Das Flensburger Tageblatt meint: "Wolfgang Bosbach legt lediglich den Vorsitz des Innenausschusses nieder, nicht jedoch sein Parlamentsmandat. Was Bosbach damit bezwecken will, bleibt sein Geheimnis." Schließlich habe der Innenausschuss ungefähr so viel mit der Griechenland-Politik zu tun, wie der Finanzausschuss mit der Sicherheitspolitik. Von daher mache ein Rücktritt in dieser Form keinen Sinn. "Er ist noch dazu das völlig falsche Signal. Dem Wähler wird suggeriert, dass der einzelne Bundestagsabgeordnete bei den wirklich wichtigen Themen ohnehin nichts bewirken kann." Dabei sei laut dem Blatt eigentlich das Gegenteil der Fall. "Denn von Hilfspaket zu Hilfspaket schwindet in der Union der Rückhalt für die Politik der Bundesregierung."

"Seinen Posten als Vorsitzender des Innenausschusses hätte Wolfgang Bosbach nicht abgeben müssen", heißt es auch im Kölner Stadt-Anzeiger. Dieser Politikbereich habe nichts mit dem Griechenland-Kurs der Bundesregierung zu tun, schreibt die Zeitung. Als Ausschussvorsitzender repräsentiere Bosbach auch nicht im Wesentlichen die Unions-Fraktion, sondern sitze eben einem Gremium von Fachpolitikern vor. "Menschlich wird er auch von vielen Kollegen anderer Fraktionen geschätzt. Bosbach muss also damit leben, dass jetzt die Frage im Raum stehen bleibt, warum er eigentlich selbst ohne Not die Debatte über einen Mandatsverzicht aufgeworfen hat. Politisch bestand dazu nie ein überzeugender Anlass." Bosbach rede viel - und sage dabei manch Kluges. Aber manchmal auch einen Satz zu viel.
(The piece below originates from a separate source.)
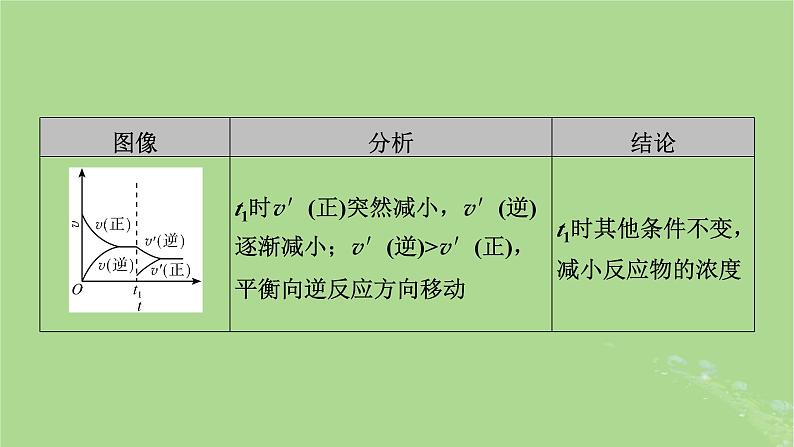 2025版高考化学一轮总复习第7章化学反应速率和化学平衡第26讲化学反应速率和平衡图像及分析课件05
Auch die Neue Osnabrücker Zeitung meint: "Wenn die CDU glaubt, einen unbequemen Kritiker endlich los zu sein, irrt sie sich. Denn Wolfgang Bosbach tritt nur halb zurück. Er gibt mit dem Vorsitz des Innenausschusses zwar eines der begehrtesten Ämter des Bundestags auf, aber als einfacher Abgeordneter wird der temperamentvolle Rheinländer weiter Dampf im Kessel machen." Doch nicht wenige Christdemokraten rollen nur noch genervt die Augen, wenn Bosbach seine Kommentare abgibt. Die CDU nenne er beliebig und ihres konservativen Kerns beraubt, die Griechenland-Milliarden rauben ihm den Schlaf wegen der Lasten für die folgenden Generationen, die Terrorbedrohung in Deutschland wurde in seinen Augen verniedlicht. "Er hat recht in vielen Punkten, doch droht er sich als ewiger Mahner zu verschleißen."